Output all entries precisely.

**RECORDS PROVIDED:**
((
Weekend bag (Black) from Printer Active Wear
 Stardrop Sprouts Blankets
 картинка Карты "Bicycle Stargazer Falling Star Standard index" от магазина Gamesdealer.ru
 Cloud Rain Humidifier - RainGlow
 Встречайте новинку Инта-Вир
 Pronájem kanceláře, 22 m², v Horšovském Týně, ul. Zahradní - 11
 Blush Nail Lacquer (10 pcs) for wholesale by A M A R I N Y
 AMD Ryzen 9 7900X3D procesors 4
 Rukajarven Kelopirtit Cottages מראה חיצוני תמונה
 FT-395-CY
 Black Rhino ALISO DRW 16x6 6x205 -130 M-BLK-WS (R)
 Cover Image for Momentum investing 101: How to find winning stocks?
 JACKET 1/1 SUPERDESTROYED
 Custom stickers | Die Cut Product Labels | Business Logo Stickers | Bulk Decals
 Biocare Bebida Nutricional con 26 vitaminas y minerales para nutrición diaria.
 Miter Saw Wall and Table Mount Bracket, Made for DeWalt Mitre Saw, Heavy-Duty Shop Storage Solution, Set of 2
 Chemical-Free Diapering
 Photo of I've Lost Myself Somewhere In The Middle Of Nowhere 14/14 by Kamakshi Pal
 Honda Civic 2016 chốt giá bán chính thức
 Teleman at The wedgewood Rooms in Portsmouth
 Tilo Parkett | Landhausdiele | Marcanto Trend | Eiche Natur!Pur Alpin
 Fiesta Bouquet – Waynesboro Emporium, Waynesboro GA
))
**ANSWER SECTION:**
Weekend bag (Black) from Printer Active Wear
 Stardrop Sprouts Blankets
 картинка Карты "Bicycle Stargazer Falling Star Standard index" от магазина Gamesdealer.ru
 Cloud Rain Humidifier - RainGlow
 Встречайте новинку Инта-Вир
 Pronájem kanceláře, 22 m², v Horšovském Týně, ul. Zahradní - 11
 Blush Nail Lacquer (10 pcs) for wholesale by A M A R I N Y
 AMD Ryzen 9 7900X3D procesors 4
 Rukajarven Kelopirtit Cottages מראה חיצוני תמונה
 FT-395-CY
 Black Rhino ALISO DRW 16x6 6x205 -130 M-BLK-WS (R)
 Cover Image for Momentum investing 101: How to find winning stocks?
 JACKET 1/1 SUPERDESTROYED
 Custom stickers | Die Cut Product Labels | Business Logo Stickers | Bulk Decals
 Biocare Bebida Nutricional con 26 vitaminas y minerales para nutrición diaria.
 Miter Saw Wall and Table Mount Bracket, Made for DeWalt Mitre Saw, Heavy-Duty Shop Storage Solution, Set of 2
 Chemical-Free Diapering
 Photo of I've Lost Myself Somewhere In The Middle Of Nowhere 14/14 by Kamakshi Pal
 Honda Civic 2016 chốt giá bán chính thức
 Teleman at The wedgewood Rooms in Portsmouth
 Tilo Parkett | Landhausdiele | Marcanto Trend | Eiche Natur!Pur Alpin
 Fiesta Bouquet – Waynesboro Emporium, Waynesboro GA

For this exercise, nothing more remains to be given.